#### [Task to carry out]
From the records below, output exactly the lines starting at the line with "XHNKEG 3 x selge" and ending at the line with "testsieraad zirkoon solitaire ring in zilver", both of them included, but no pictures.

--- Source material Enclosed Below ---

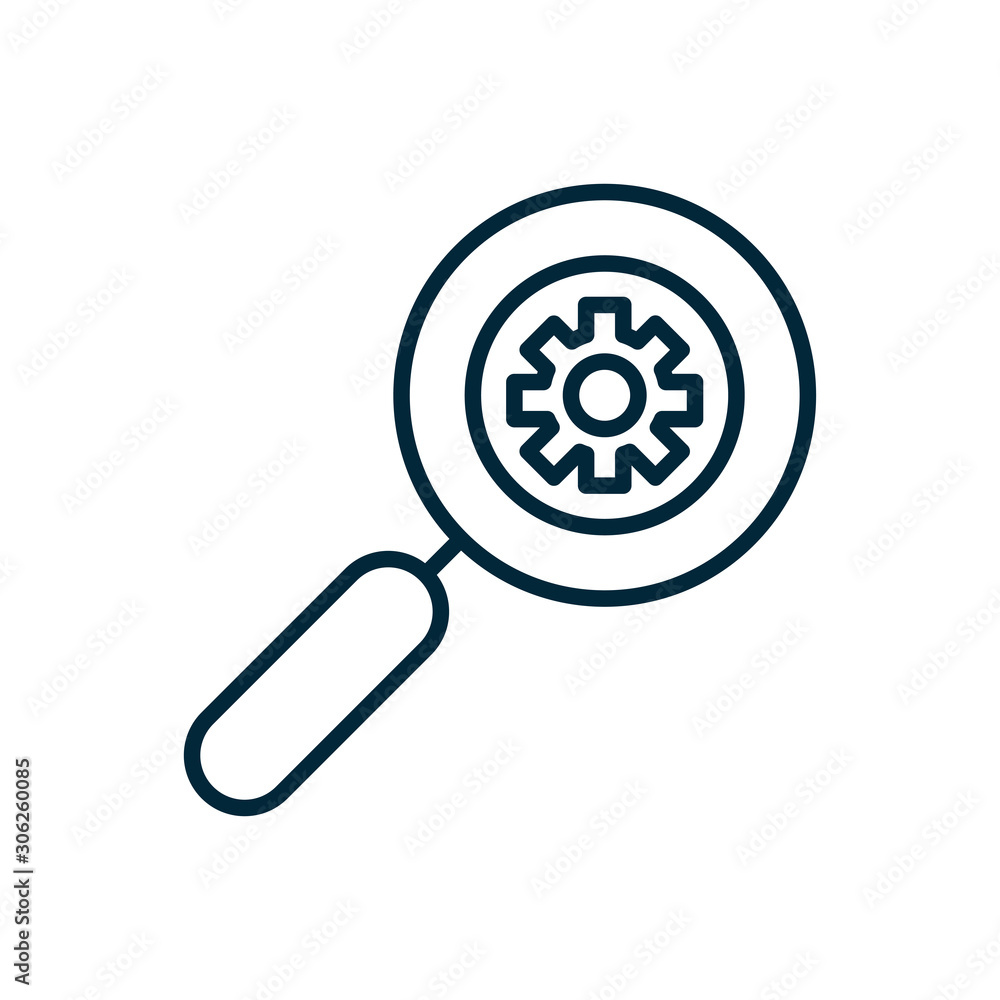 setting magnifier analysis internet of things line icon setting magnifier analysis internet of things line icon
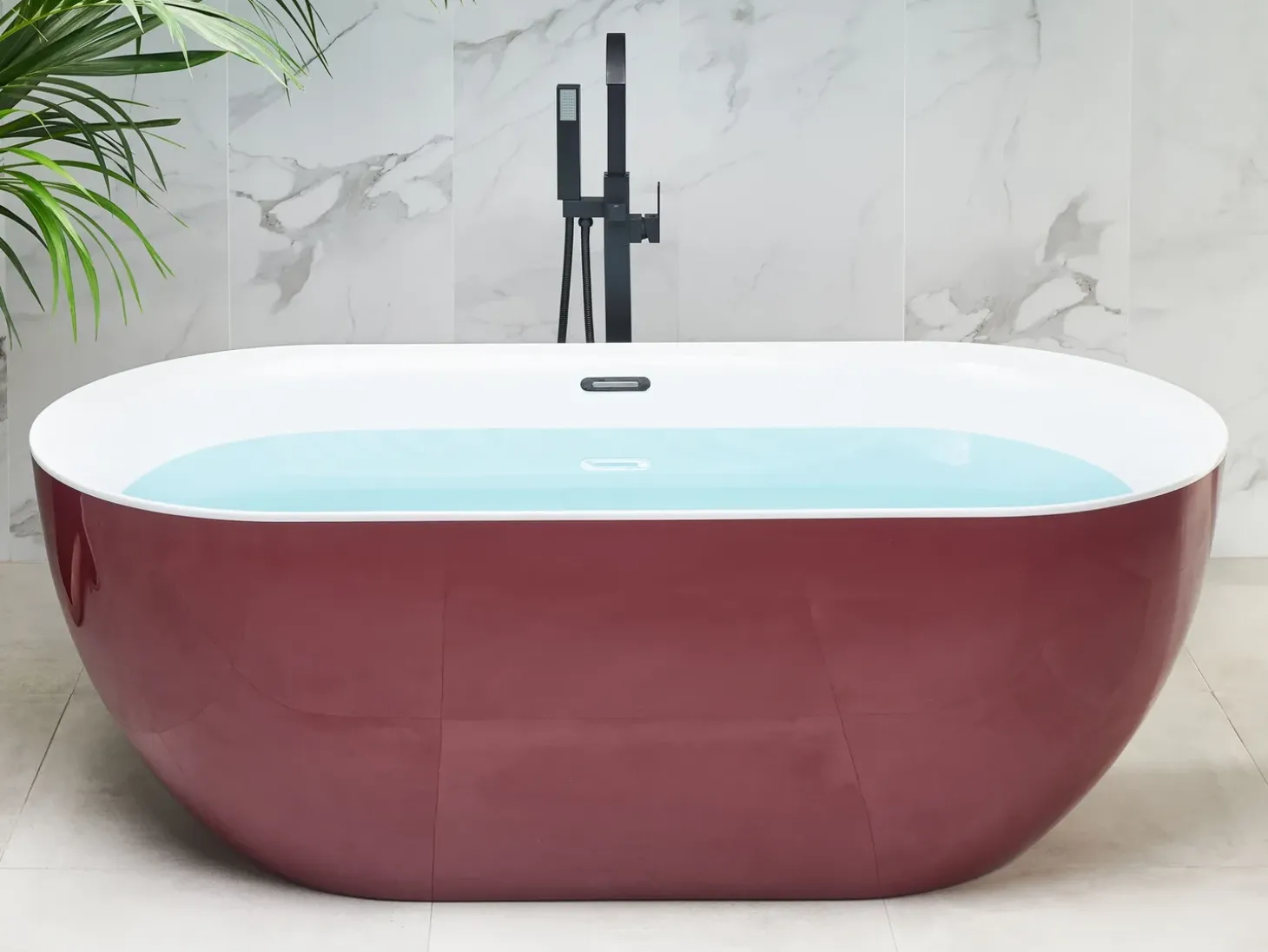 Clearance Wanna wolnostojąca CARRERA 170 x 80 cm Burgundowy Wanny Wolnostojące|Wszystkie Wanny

--- End of Enclosed Source material ---
--- Source material Enclosed Below ---

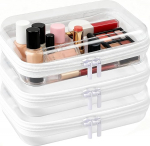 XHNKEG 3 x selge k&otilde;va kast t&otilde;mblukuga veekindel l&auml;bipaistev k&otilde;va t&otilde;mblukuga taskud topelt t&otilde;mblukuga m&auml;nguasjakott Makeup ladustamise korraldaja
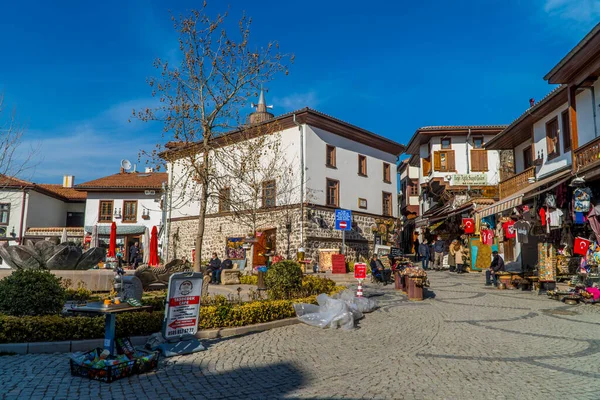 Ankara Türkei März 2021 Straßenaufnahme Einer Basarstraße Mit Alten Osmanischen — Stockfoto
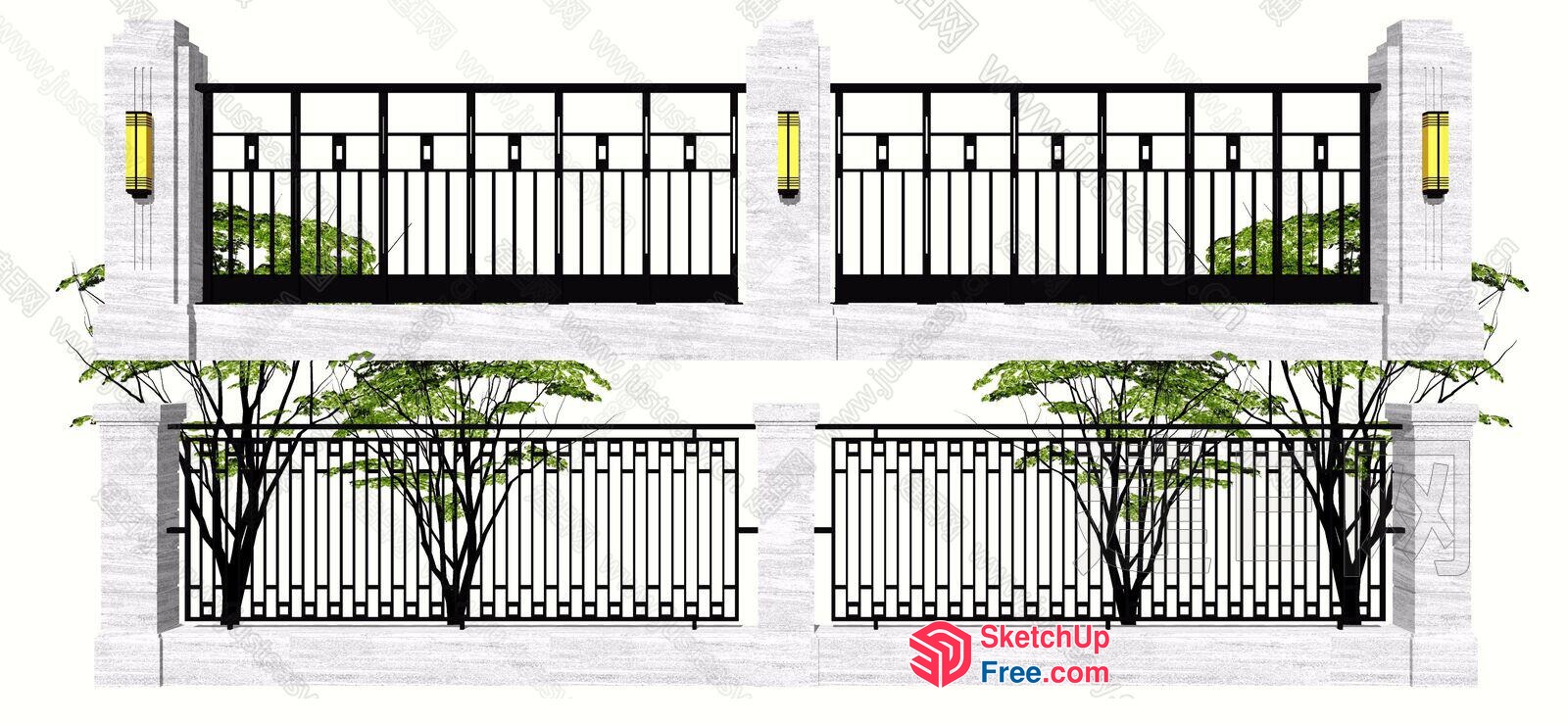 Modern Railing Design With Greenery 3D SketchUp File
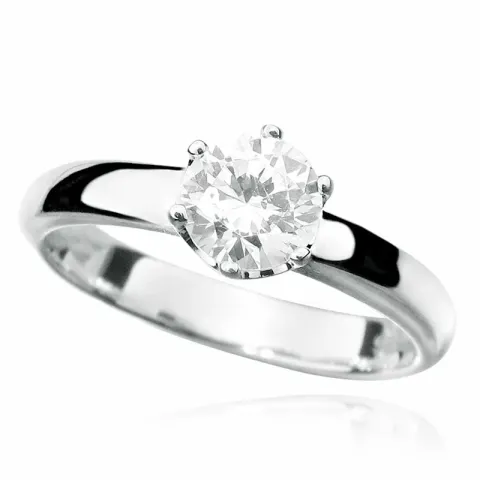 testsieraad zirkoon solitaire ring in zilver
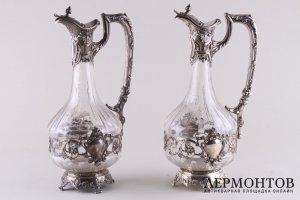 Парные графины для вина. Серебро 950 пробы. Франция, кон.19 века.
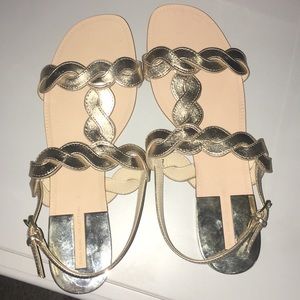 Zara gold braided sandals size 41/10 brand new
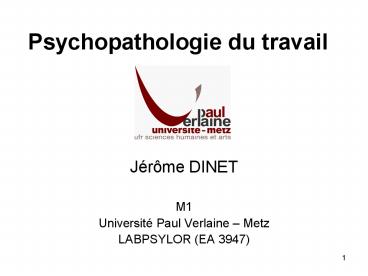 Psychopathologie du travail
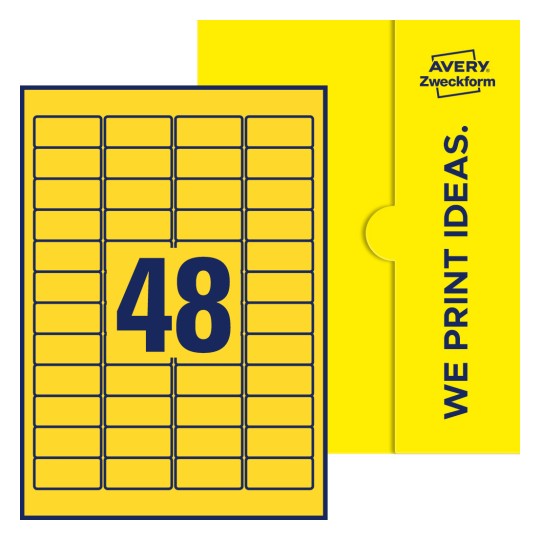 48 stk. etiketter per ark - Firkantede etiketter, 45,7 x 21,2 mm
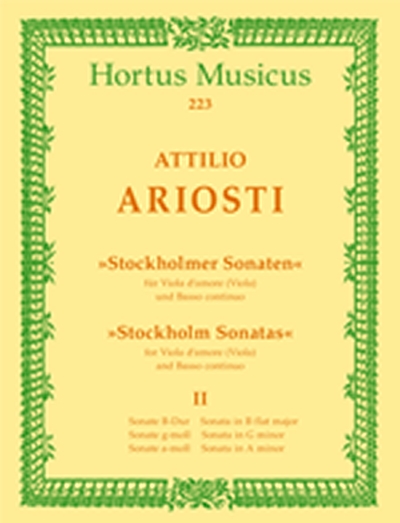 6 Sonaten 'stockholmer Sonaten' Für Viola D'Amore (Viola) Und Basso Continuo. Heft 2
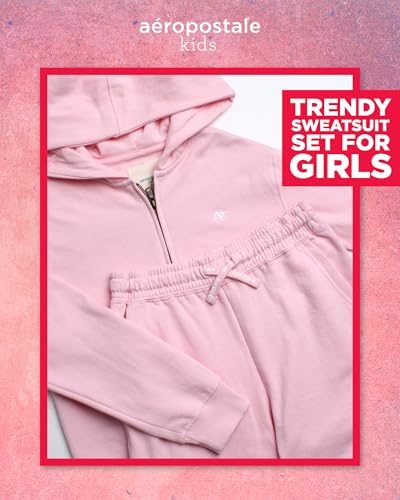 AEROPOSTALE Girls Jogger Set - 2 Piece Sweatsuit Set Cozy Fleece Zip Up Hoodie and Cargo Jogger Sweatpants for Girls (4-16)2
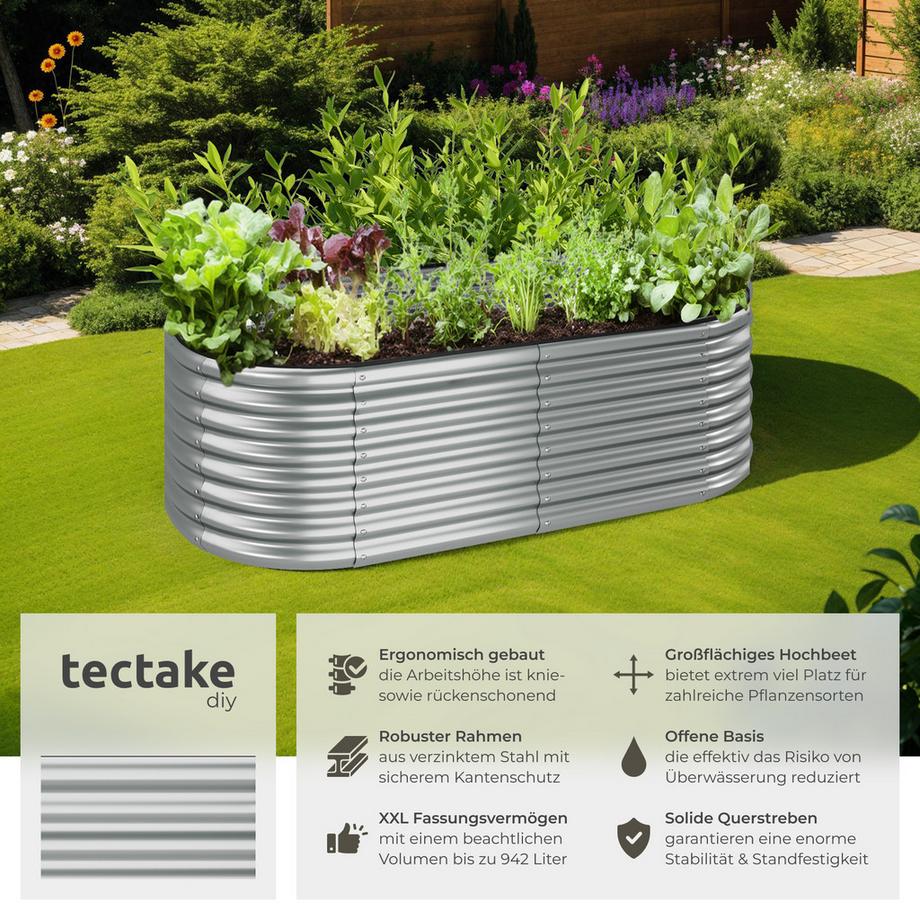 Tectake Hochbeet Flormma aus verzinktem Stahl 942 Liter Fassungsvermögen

--- End of Enclosed Source material ---
--- Source material Enclosed Below ---

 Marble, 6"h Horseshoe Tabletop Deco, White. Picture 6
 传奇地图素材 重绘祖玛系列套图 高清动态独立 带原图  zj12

--- End of Enclosed Source material ---

#### [Answer space]
 XHNKEG 3 x selge k&otilde;va kast t&otilde;mblukuga veekindel l&auml;bipaistev k&otilde;va t&otilde;mblukuga taskud topelt t&otilde;mblukuga m&auml;nguasjakott Makeup ladustamise korraldaja
 Ankara Türkei März 2021 Straßenaufnahme Einer Basarstraße Mit Alten Osmanischen — Stockfoto
 Modern Railing Design With Greenery 3D SketchUp File
 testsieraad zirkoon solitaire ring in zilver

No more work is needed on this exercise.